> _Your instructions_:
Two lines below mark the span: the one containing "Whenever the LEDs" and the one containing "So that was". Set down both, plus every line between, exactly as they stand, and nothing else.
Start of Data to use
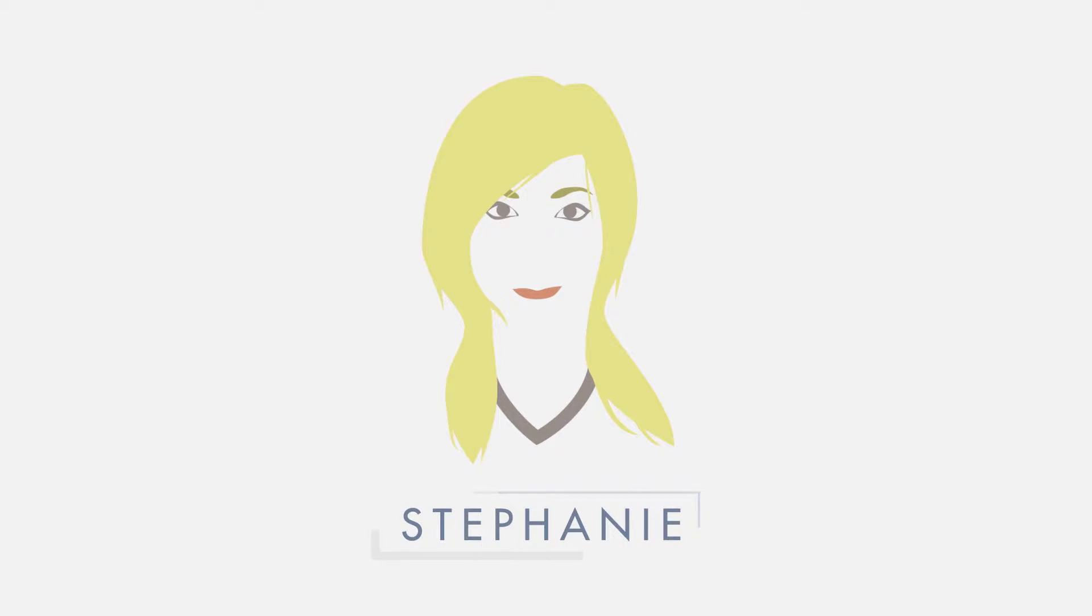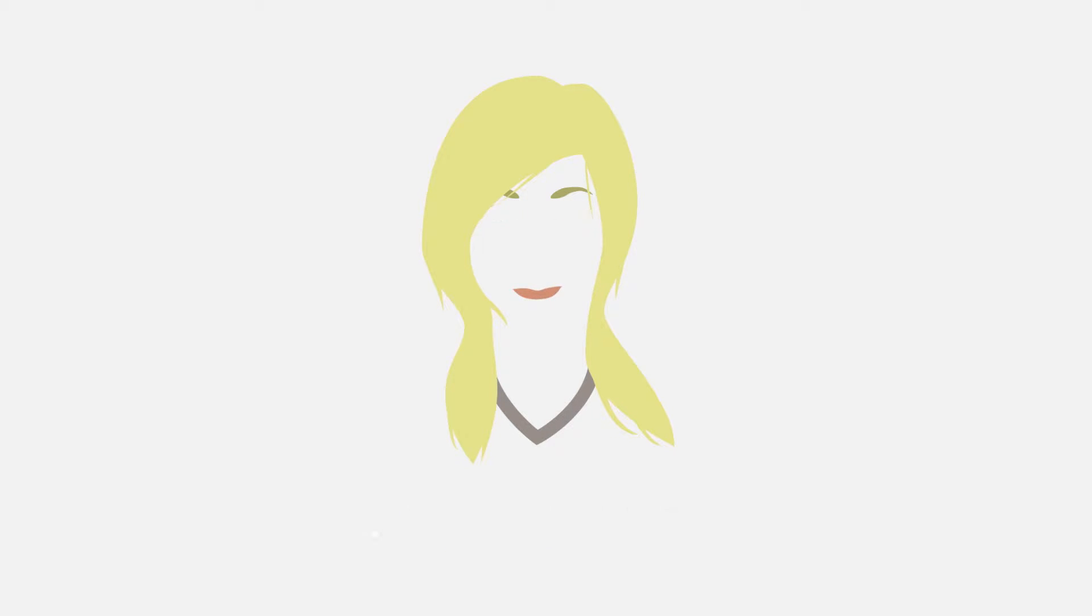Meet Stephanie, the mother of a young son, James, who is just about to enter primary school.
End of Data to use
Start of Data to use
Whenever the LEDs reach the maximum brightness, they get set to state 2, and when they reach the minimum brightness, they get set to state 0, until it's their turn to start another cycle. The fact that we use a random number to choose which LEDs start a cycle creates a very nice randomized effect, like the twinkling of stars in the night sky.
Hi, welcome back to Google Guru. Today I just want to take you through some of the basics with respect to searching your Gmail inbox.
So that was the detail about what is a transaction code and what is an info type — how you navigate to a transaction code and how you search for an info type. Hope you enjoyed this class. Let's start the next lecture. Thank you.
End of Data to use
> _Task solution_:
Whenever the LEDs reach the maximum brightness, they get set to state 2, and when they reach the minimum brightness, they get set to state 0, until it's their turn to start another cycle. The fact that we use a random number to choose which LEDs start a cycle creates a very nice randomized effect, like the twinkling of stars in the night sky.
Hi, welcome back to Google Guru. Today I just want to take you through some of the basics with respect to searching your Gmail inbox.
So that was the detail about what is a transaction code and what is an info type — how you navigate to a transaction code and how you search for an info type. Hope you enjoyed this class. Let's start the next lecture. Thank you.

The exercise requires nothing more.